- _AIM OF THE TASK_
Transcribe the entries below with complete accuracy, excluding the pictures.

- _SUPPLIED DATA_
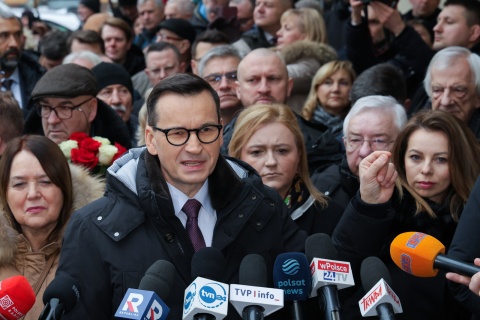 Mateusz Morawiecki usłyszał zarzuty. „Realizacja wyborów była moim obowiązkiem”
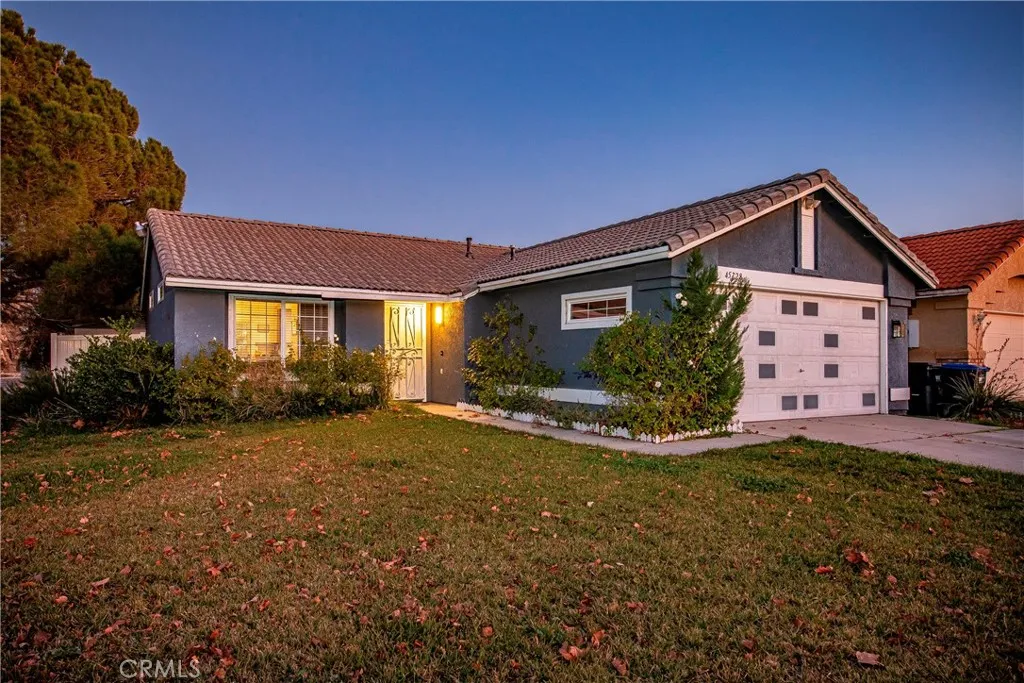 45728 Balmoral Court, Lancaster, California 93534 home-pic-1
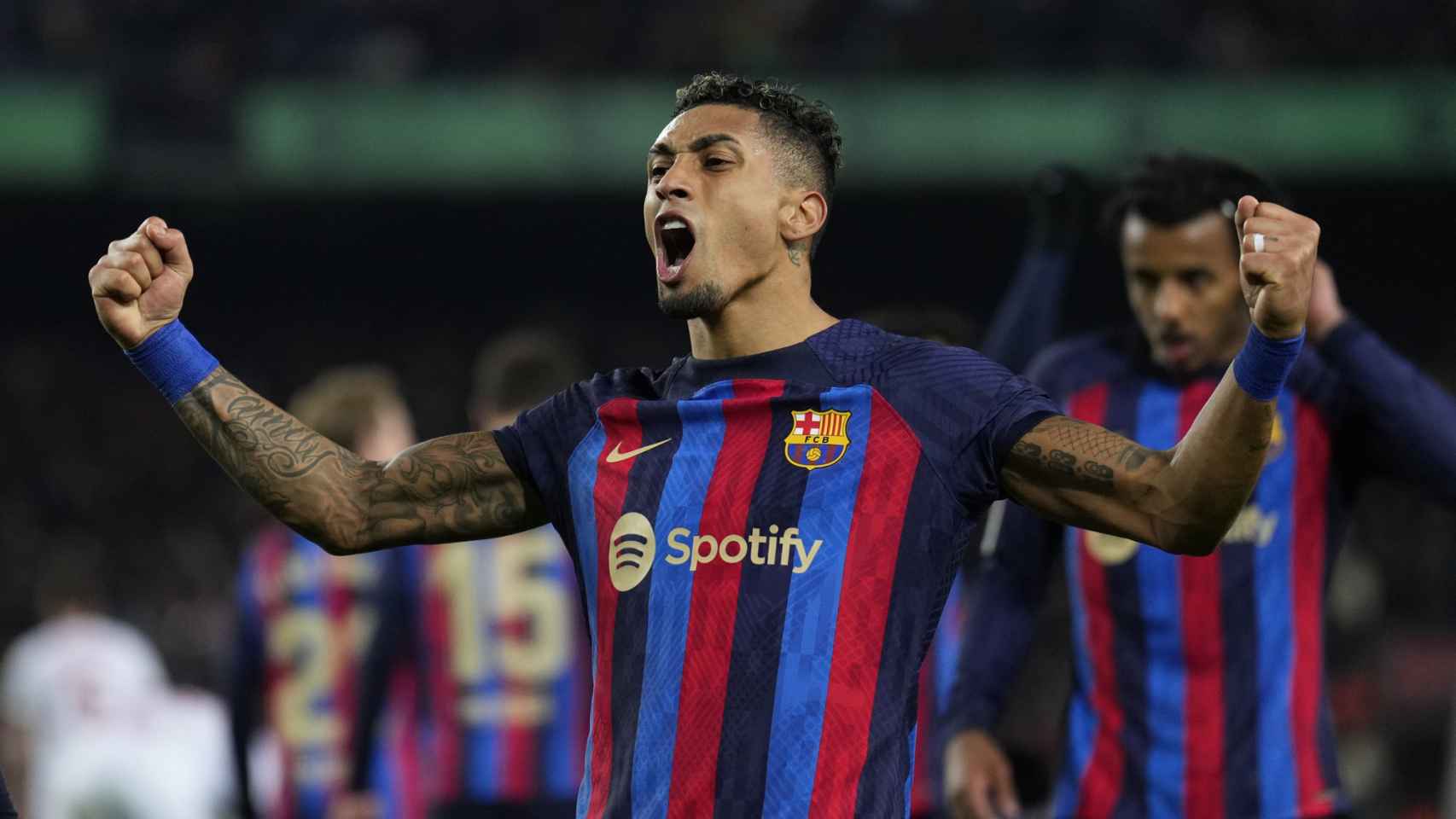 Raphinha, celebrando un gol marcado en el Camp Nou / EFE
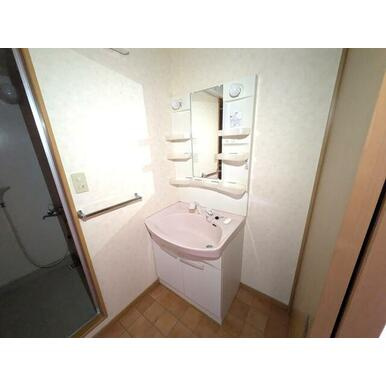 ボヌール菊陽の独立洗面台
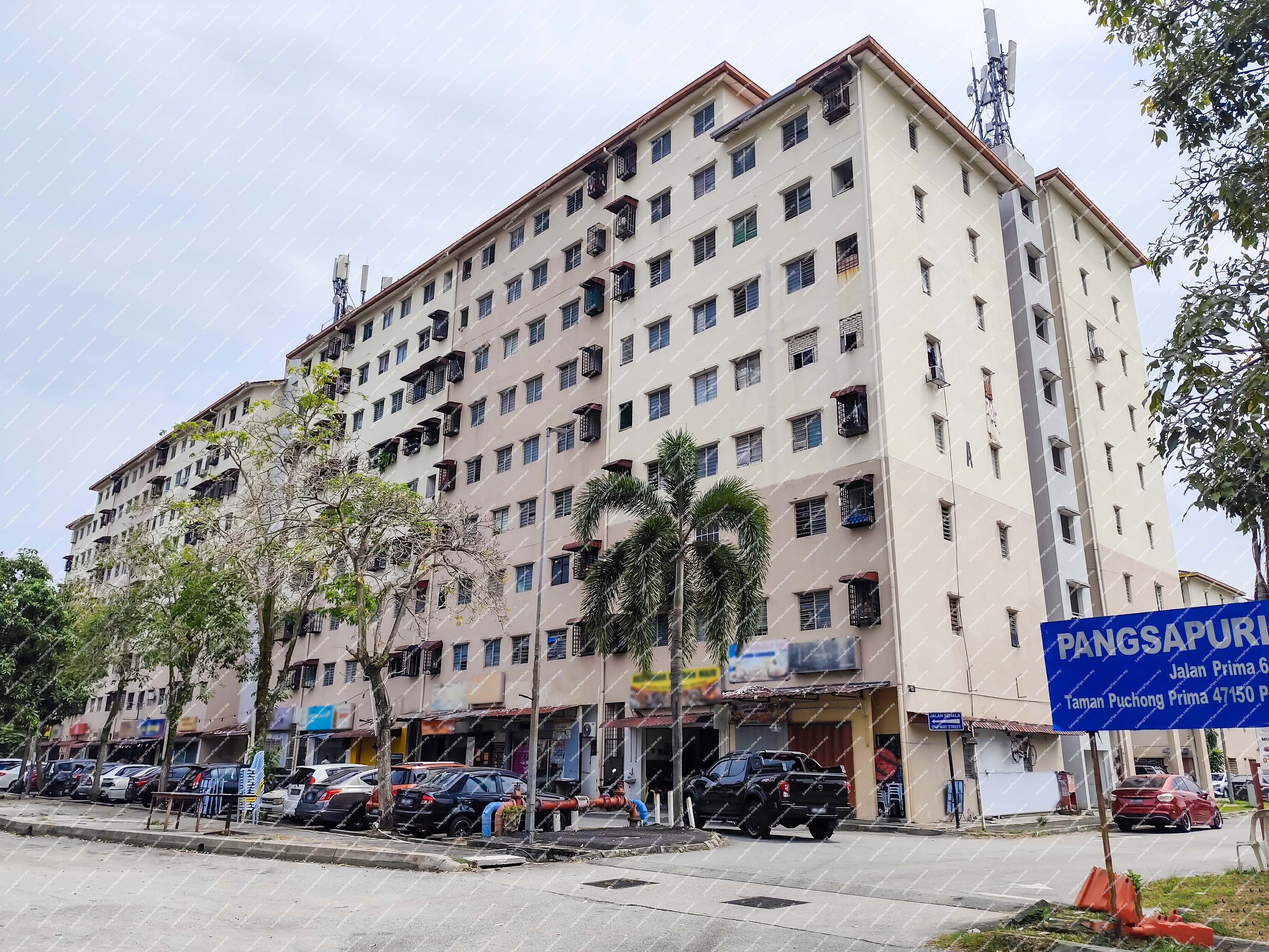 [Easily Accessible Via LDP Highway and Jalan Subang; Low Cost] Flat [2 Min to Puchong Prima LRT Station]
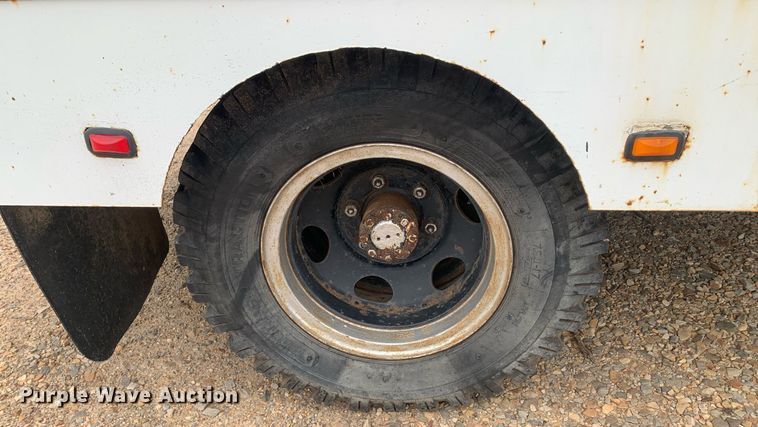 image for item DK7882 1963 Ford F350  flatbed pickup truck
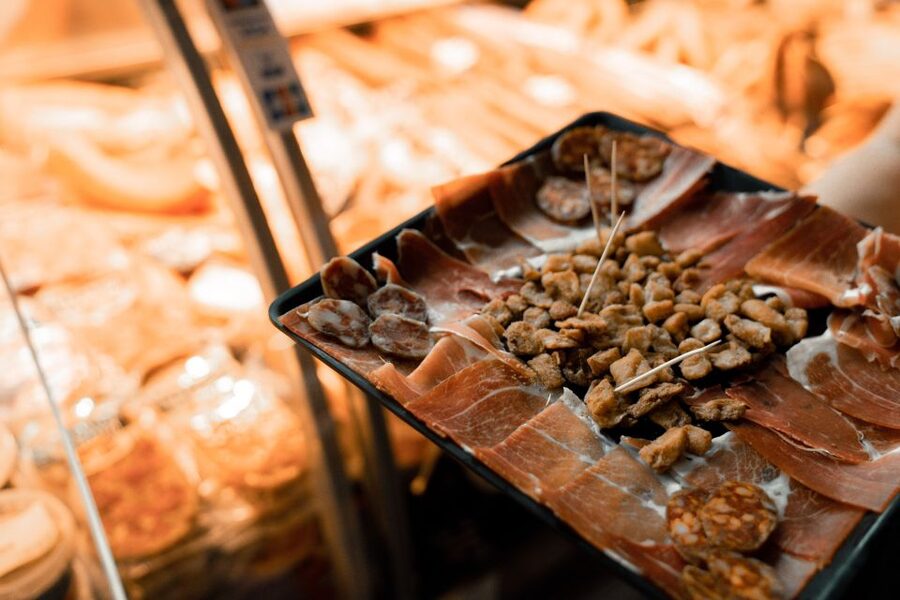 Zagreb: Food Tour with Tastings - Your guide matters, and the tour’s record shows strong personalization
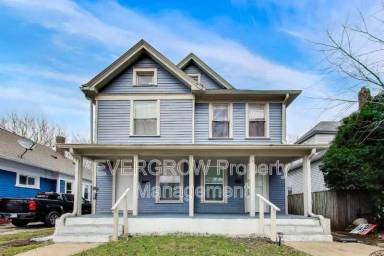 Main picture of 415 N Oxford St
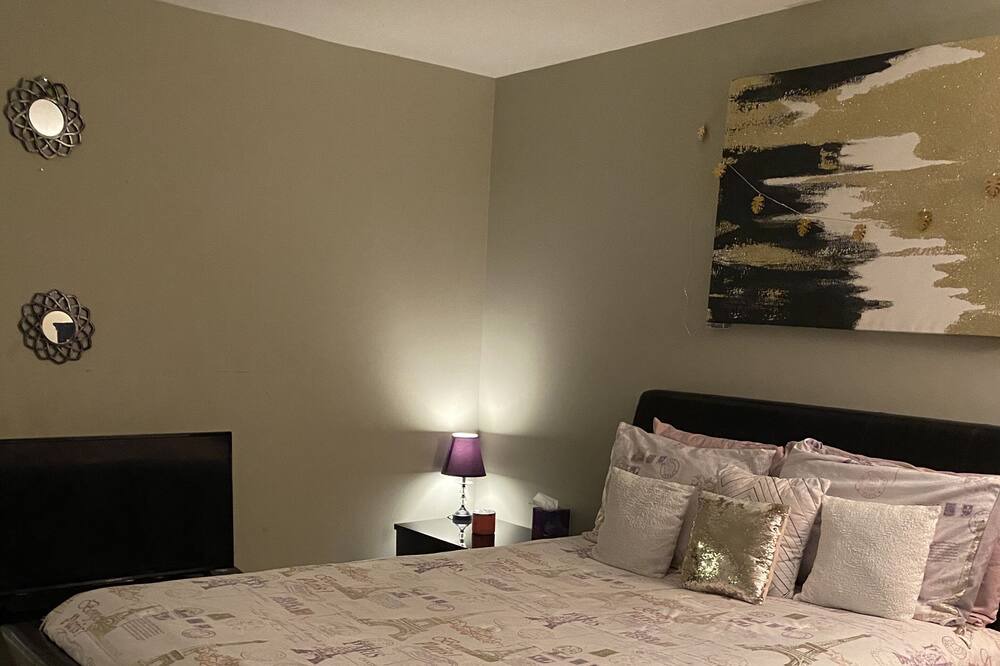 Photo of Bedroom in Aurora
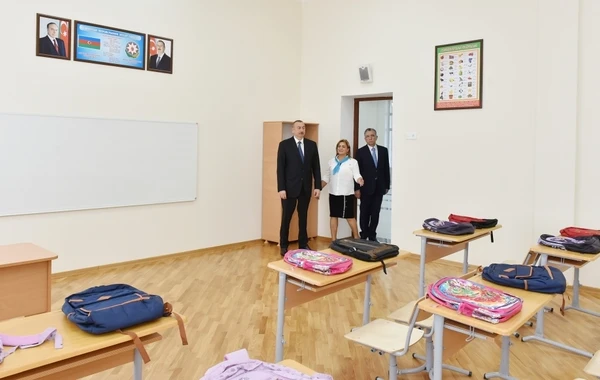 Ильхам Алиев ознакомился с условиями в школе номер 208 - ФОТО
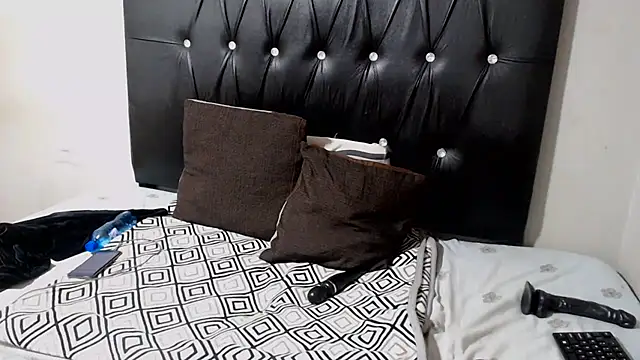 ChubbySpider's cam snapshot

- _OUTPUT FOR THIS EXERCISE_
 Mateusz Morawiecki usłyszał zarzuty. „Realizacja wyborów była moim obowiązkiem”
 45728 Balmoral Court, Lancaster, California 93534 home-pic-1
 Raphinha, celebrando un gol marcado en el Camp Nou / EFE
 ボヌール菊陽の独立洗面台
 [Easily Accessible Via LDP Highway and Jalan Subang; Low Cost] Flat [2 Min to Puchong Prima LRT Station]
 image for item DK7882 1963 Ford F350  flatbed pickup truck
 Zagreb: Food Tour with Tastings - Your guide matters, and the tour’s record shows strong personalization
 Main picture of 415 N Oxford St
 Photo of Bedroom in Aurora
 Ильхам Алиев ознакомился с условиями в школе номер 208 - ФОТО
 ChubbySpider's cam snapshot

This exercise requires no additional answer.